(10.09.2025) The Swiss tech industry (machinery, electrical equipment, metals, and related technology sectors) is going through a difficult period. In the second quarter of 2025, order volumes fell by 13.4% compared with the previous quarter, according to the industry association Swissmem.
The sector’s sales have been declining for nine consecutive quarters. In the second quarter of 2025, capacity use stood at 80.9%, well below the long-term average of 86.2%. Employment contracted by nearly 1% – equivalent to 3,100 fewer jobs – compared with the previous quarter.
Exports from the sector fell by 0.9% year-on-year during the first half of 2025, mainly due to a sharp drop in sales to Asia (-7%), especially China (-16.8%). The European market remained stable (-0.1%), while shipments to the United States rose by +1% over the half-year, though with notable differences between the first quarter (+5.3%) and the second (-3.1%).

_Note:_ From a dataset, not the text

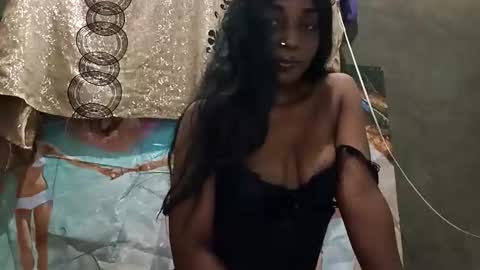 Snapshot of blktulipsxx chatting on May 7, 2026, 1:55 am Lola online show from May 7, 2026, 1:55 am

Swissmem fears these figures may reflect the first effects of tariff threats raised by Washington, particularly since the decline occurred before the announcement and entry into force of the 39% tariffs.
According to a survey conducted on 7 August 2025, 70% of companies consider their overall burden to be significant or very significant. The main difficulties reported by employers include the strong franc, weak demand, regulatory pressure, and declining activity in the United States.
In addition, 37% of companies surveyed indicated they were considering job cuts, 31% relocating to European Union (EU) countries, and 28% introducing reduced working hours. According to Swissmem, redundancies are now inevitable, but the scale of the phenomenon can still be mitigated if policymakers succeed in renegotiating the U.S. tariffs.